- Opening Delimiter -

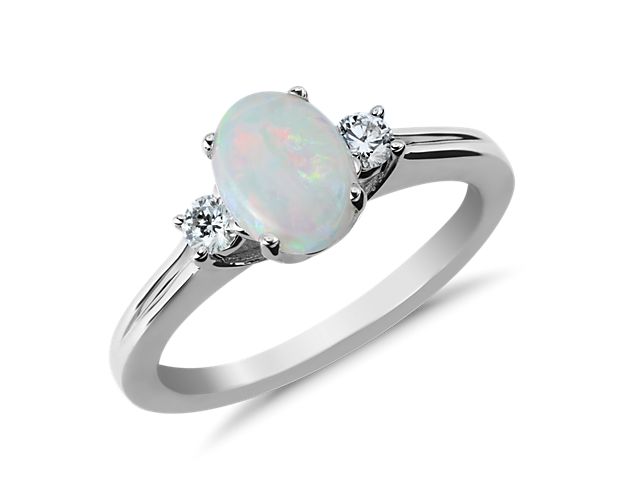 Opal's natural play of color is accentuated by the sparkle of two brilliant diamonds in this oval gemstone ring set in 18k white gold. While perfect for special occasion wear, opals are a softer gemstone and not recommended for daily wear.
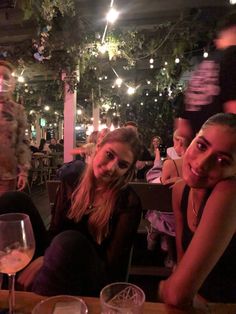 two women sitting next to each other at a table with wine glasses in front of them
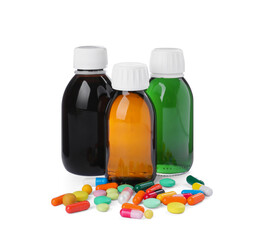 Bottles of syrups with pills on white background. Cough and cold medicine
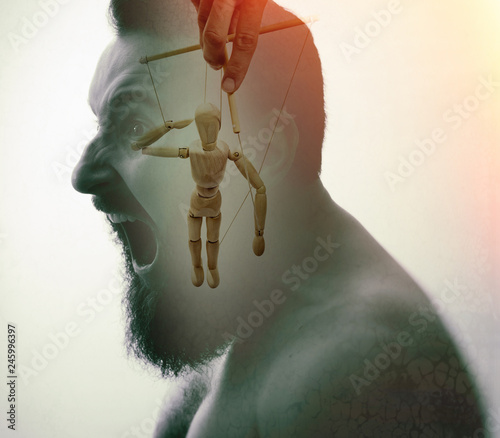 Man with marionette in his head. Concept of mind manipulation and hypnosis. Image created using double exposures. photo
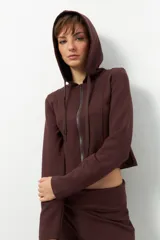 Campera corta negra con capucha, cierre frontal y cordones ajustables.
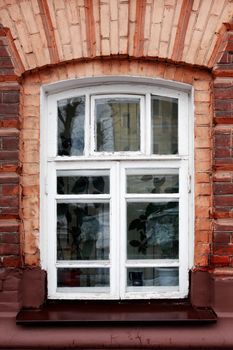 Old house red brick wall with nice window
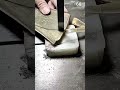 Cutting a precise groove in a wooden board using a chisel to shape and refine the joint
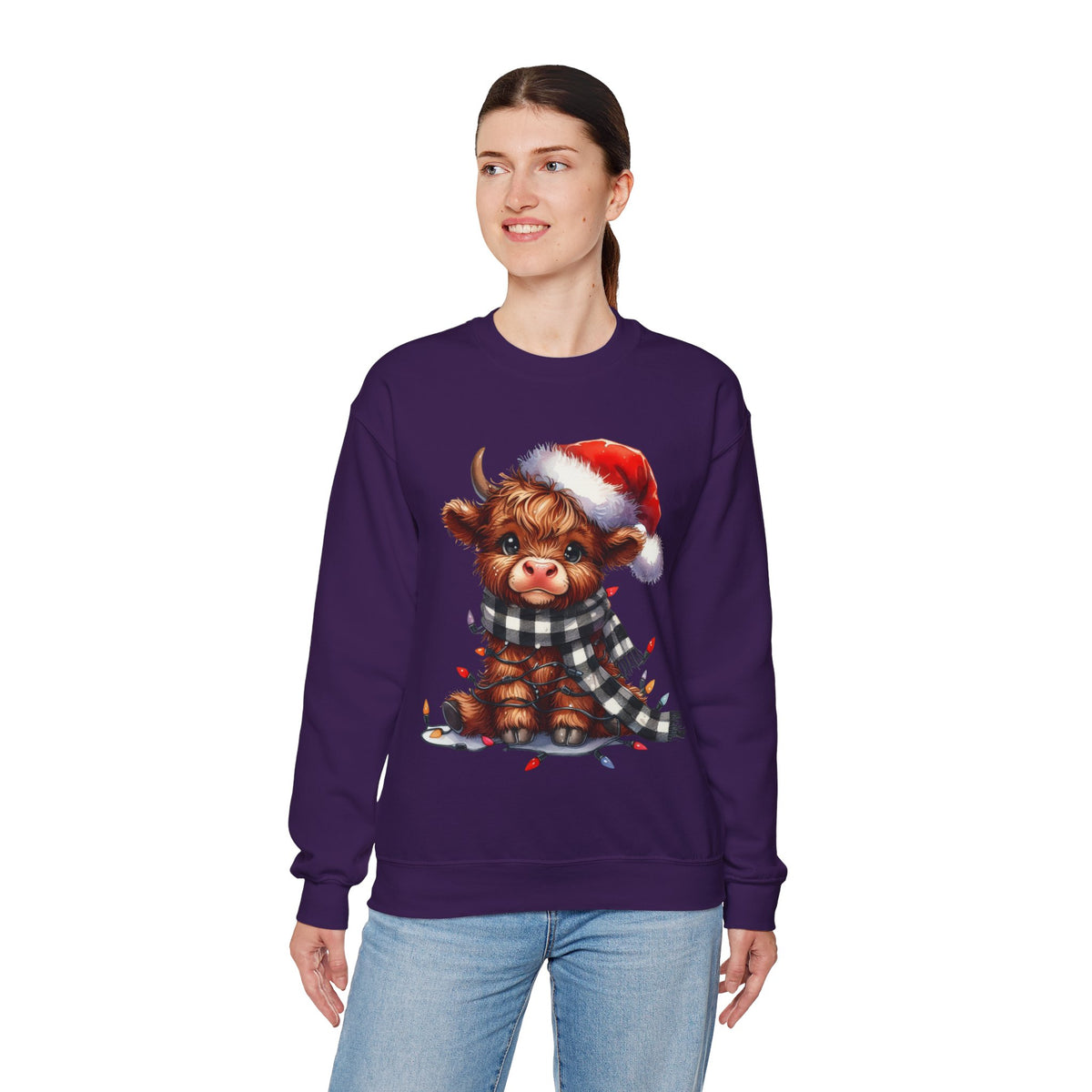Cute Highland Cow Santa Hat Scarf Christmas Lights – Gildan Heavy Blend | Trendy Women’s Soft Sweatshirt. Direct to Garment. Printed & Shipped in the USA. Unisex Sizes.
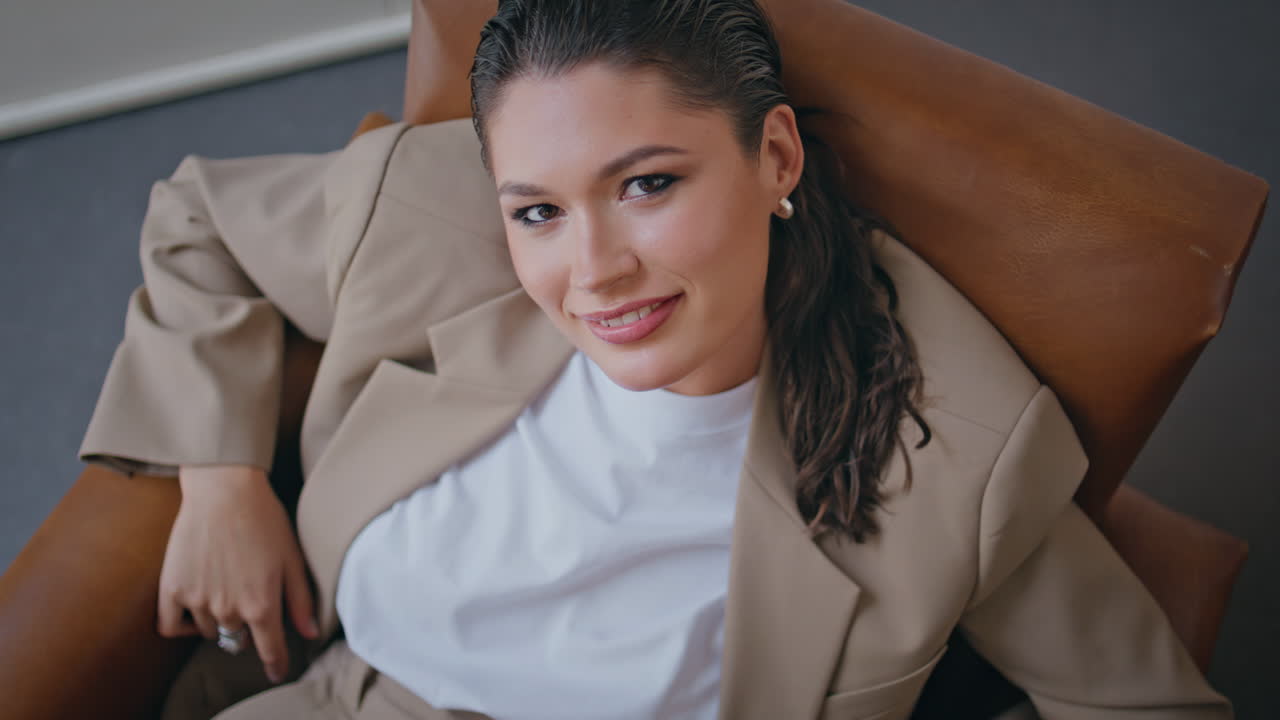 mujer jefe feliz posando en una oficina moderna en un traje de lujo de primer plano.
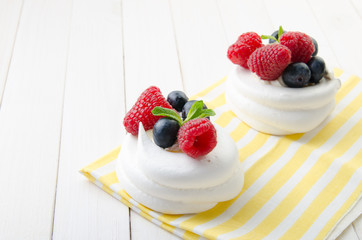 Homemade pavlova meringue cake with fresh berries and whipped cream. Morning. Dessert.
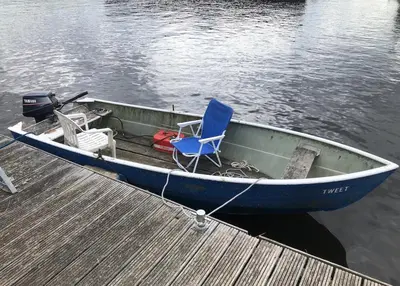 a blue boat with a chair sitting on a dock at Luxurious Tiny House with HotTub in Rijsenhout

- Closing Delimiter -

## Work instruction
Reproduce, word for word, only the lines in the records above from the line with "Old house red brick wall with nice window" through the line with "Cute Highland Cow", including both ends; omit the pictures.

## Output of the task
 Old house red brick wall with nice window
 Cutting a precise groove in a wooden board using a chisel to shape and refine the joint
Cute Highland Cow Santa Hat Scarf Christmas Lights – Gildan Heavy Blend | Trendy Women’s Soft Sweatshirt. Direct to Garment. Printed & Shipped in the USA. Unisex Sizes.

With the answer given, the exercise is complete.